“A vacina dá anticorpos para que as células de defesa criem uma “memória” de combate contra a doença”: Roseli Ramos fala sobre a importância do reforço de vacinação

A vacina é uma forma de prevenção contra o contágio de doenças. Ela funciona estimulando o organismo a produzir anticorpos contra determinado microrganismo sem que a pessoa precise ficar doente.
A primeira tentativa de produzir uma vacina foi feita pelo médico britânico Edward Jenner, que inoculou pus de uma mulher que havia contraído varíola bovina em uma criança de 8 anos saudável, chamada James Phipps.
Quando o vírus combatido pelos glóbulos brancos, o pus, entrou em contato com o organismo de James, seu sistema imunológico comandou que se produzisse anticorpos para o combate do agente invasor.
Dessa forma, quando ele entrou em contato depois com a versão humana da varíola, que é mais agressiva, estava imune a doença.
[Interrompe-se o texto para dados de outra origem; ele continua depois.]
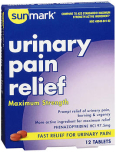 Sunmark Urinary Pain Relief Maximum Strength - 12 ct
“A vacinação permite que nosso corpo crie anticorpos para combater um microrganismo invasor, fazendo com que as células de defesa criem uma “memória” de combate contra a doença”, explica a enfermeira Roseli Ramos.
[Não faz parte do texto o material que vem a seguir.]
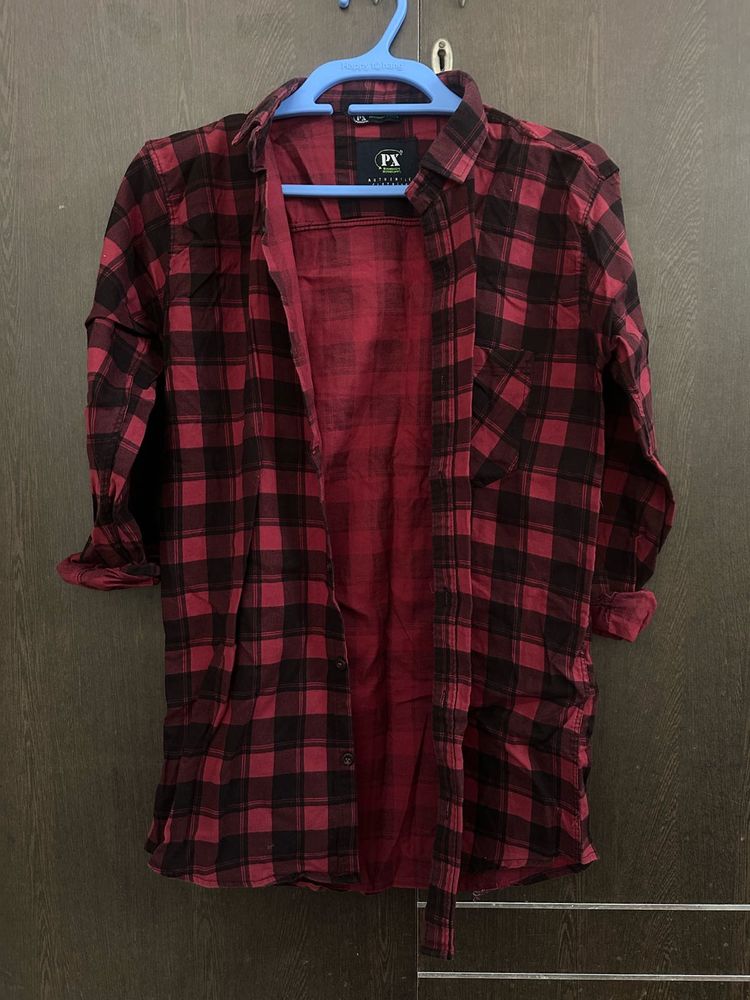 Red &amp; Black Flannel Shirt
A produção das vacinas, em sua maioria, se dá a partir de fragmentos de vírus ou bactérias, com esses organismos atenuados ou inativos. “Cada tipo requer uma quantidade de doses a ser tomada pelas pessoas”, comenta a especialista.
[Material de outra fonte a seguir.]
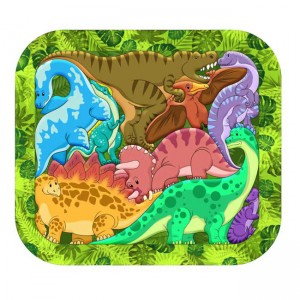 Пазл Нескучные игры Зоопазл Динозавры из дерева 9 деталей 8076 3+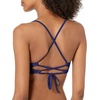 image:imageBody Glove Womens Smoothies Mika Solid Halter Triangle Bikini Top Swimsuit with Cross Tie BackSmoothies Midnight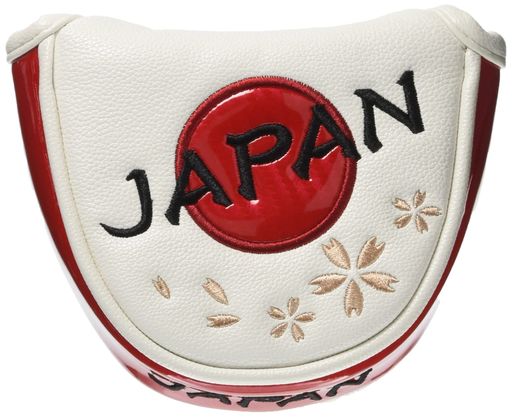 Geotech(ジオテック)ヘッドカバーJAPANJAPANマレットパターカバーホワイト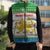 Sierra Leone Christmas Sleeveless Puffer Jacket with Festive Green Pattern, Golden Lion Emblem, and Santa Sleigh Motif - Wonder Print Shop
A vacina feita com o microrganismo atenuado, ou seja, enfraquecido, produz uma resposta fortalecida pelo organismo, já que um vírus vivo entrou em contato com o corpo humano. É o caso de vacinas contra: caxumba, sarampo, rubéola e varicela.

Já a vacina inativa contém fragmentos do vírus morto, o que desencadeia uma resposta mais leve do organismo, por isso é importante tomar a segunda dose da vacina. Exemplos destas são: hepatite A, raiva, pólio e influenza – ou gripe.

Ainda existem as vacinas toxoides, que combatem toxinas produzidas pelas bactérias, como as causadoras da difteria e do tétano. E ainda as vacinas conjugadas, que combatem bactérias mais fortes, envolvidas por uma capa protetora de polissacarídeos.

Segundo Roseli, “é importante que, principalmente, crianças tomem a segunda dose das vacinas, já que a primeira pode não oferecer uma imunização contínua. O reforço é necessário”.

O Brasil enfrenta uma onda de queda nas taxas de vacinação. Além de falta de recursos e desabastecimento dos postos de saúde, existe a recusa dos pais em vacinar seus filhos.

“É essencial que o governo disponibilize novos lotes de vacinas e, acima de tudo, que as famílias se conscientizem sobre a importância da vacinação para a proteção do nosso corpo”, avalia Roseli Ramos.